Prep 15 mins
Cook 35 mins
Couscous is small grains made of semolina, wheat flour, salt and water. Its origin is Northern African. Couscous grains are delicate requires only lightly steaming. I was introduced to couscous when I was in West Africa. Since then, I enjoy cooking and eating it.
- 2 cups couscous (*)
- 4 skinless chicken breasts
- 3 tomatoes (chopped) or 12 ounces crushed tomatoes
- 1 medium onion (finely chopped)
- 2 tablespoons extra virgin olive oil or 2 tablespoons vegetable oil
- 1 cup chicken broth
- 2 medium carrots (peeled, cut in small pieces)
- 1 medium zucchini (cut in small pieces)
- 3 bay leaves
- 3 whole cloves, crushed
- 1⁄4 teaspoon cinnamon
- 1⁄4 teaspoon turmeric or 1⁄4 teaspoon curry
- 1⁄4 teaspoon chili powder (berbere)
- salt and black pepper
- Clean the chicken breasts with cold water, lemon/lime and a pinch of salt.

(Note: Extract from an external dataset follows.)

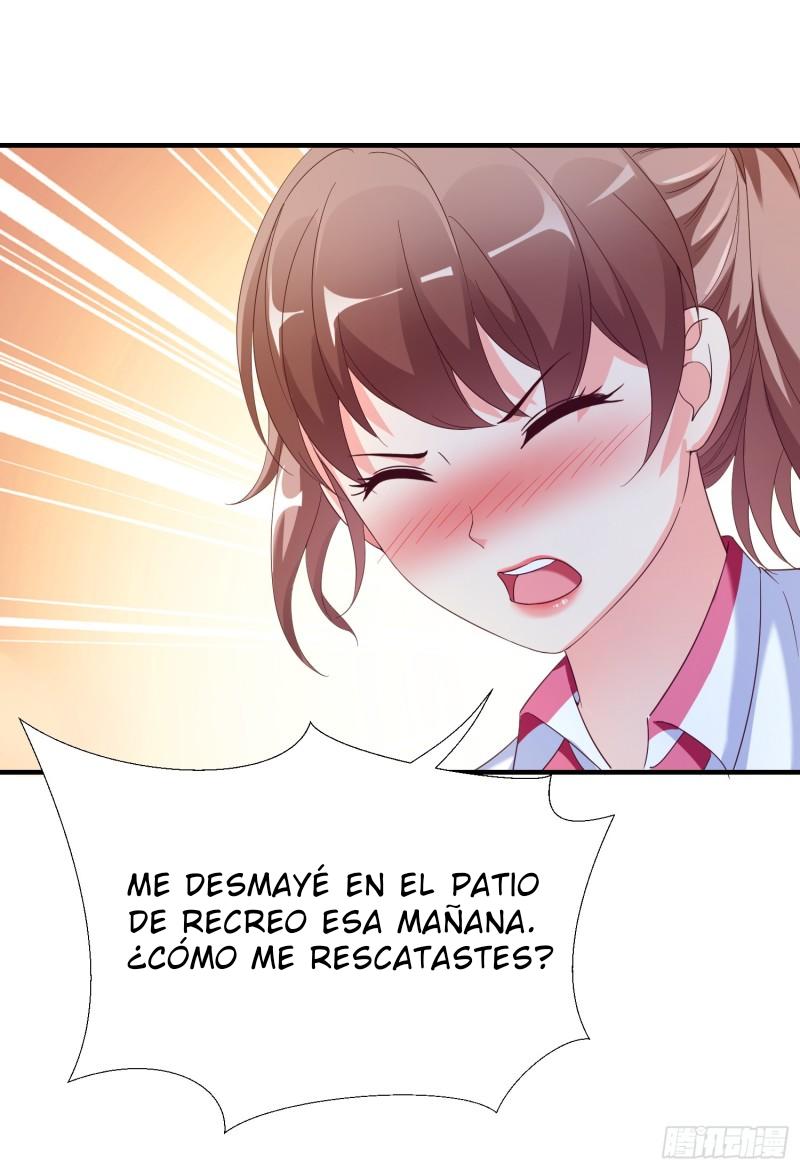 El Súper Doctor de la Escuela. — Capítulo 18 — 11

- Rinse the chicken breasts and pat dry; cut as desired.
- Sauté the onion with oil until tender.
- Add to the the onion, the chicken breasts, cloves, cinnamon; stir-fry until the chicken turns to golden brown.
- Combine the chicken, the tomatoes, red chili pepper, curry or turmeric, carrots, zucchini; cook for five minutes.
- Add the chicken broth, bay leaves, salt and black pepper; Cook for 15 minutes.
- Meanwhile, prepare the couscous following direction from the package.
- In a serving dish, place the chicken and sauce in the middle and the couscous around it.
- Serve it warm.
These are very good and very healthy although it's not something we'd crave for. Followed recipe as is although wasn't sure what cut the zucchini's and carrots were since it wasn't specified in the recipe. In using Recipe #232890 for the couscous, I felt the dish was improved. Thanks for sharing.